Data on the proportion of relapses among all blood-stage infections in a population provides a basis for estimating the benefits of treating the hypnozoite stage. Due to potentially severe side effects individuals with reduced activity of the Glucose-6-phosphate dehydrogenase (G6PD) enzyme [70], and the 14-day treatment regimen required [70], primaquine (the only licensed drug eliminating hypnozoites) is not routinely administered in many P. vivax endemic countries. Better estimates of the reduction of relapses and thus overall transmission could be used to assess the benefits of G6PD-deficiency screening and primaquine administration. Understanding the seasonality of relapses [71, 72] could guide the design of mass-screen and treatment strategies, i.e. the diagnosis and treatment of infections in asymptomatic carriers. Importantly, most studies to-date typed only 2 or 3 P. vivax markers [67, 69] or a single amplicon [18], and their power to detect related relapses was limited. Specifically selected genome-wide markers would enable a more detailed classification.

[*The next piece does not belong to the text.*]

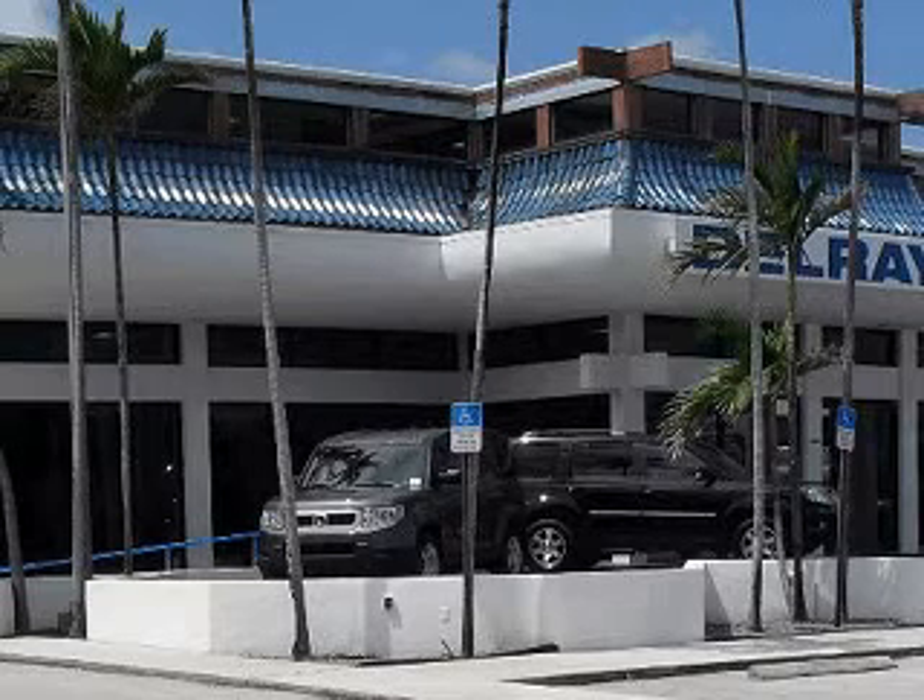At the all-new Delray Honda, we specialize in Honda-certified used cars and all other makes and models of used cars and trucks.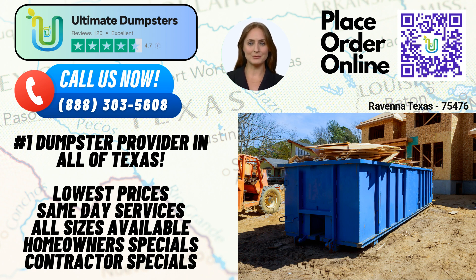Finally, our 40-yard dumpster measures approximately 22 feet long, 8 feet wide, and 8 feet high. It is ideal for commercial construction projects, major cleanouts, and large-scale renovations.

Assessing drug efficacy and understanding the spread of drug resistance
One of the best examples of how genotyping and studies on population structure have had direct impact on malaria control is their role in our understanding of drug resistance – both to estimate the level of treatment failure in drug trials, and to identify new markers of resistance. Drug resistance has been a major concern for malaria control since chloroquine-resistant P. falciparum emerged in South-East Asia and Africa in the 1950s and 1960s [73]. P. falciparum resistance against nearly every drug in use has been reported, including artemisinin [74], the current first-line drug in most countries. P. vivax chloroquine and mefloquine were described later, in 1991 and 2014, respectively [75].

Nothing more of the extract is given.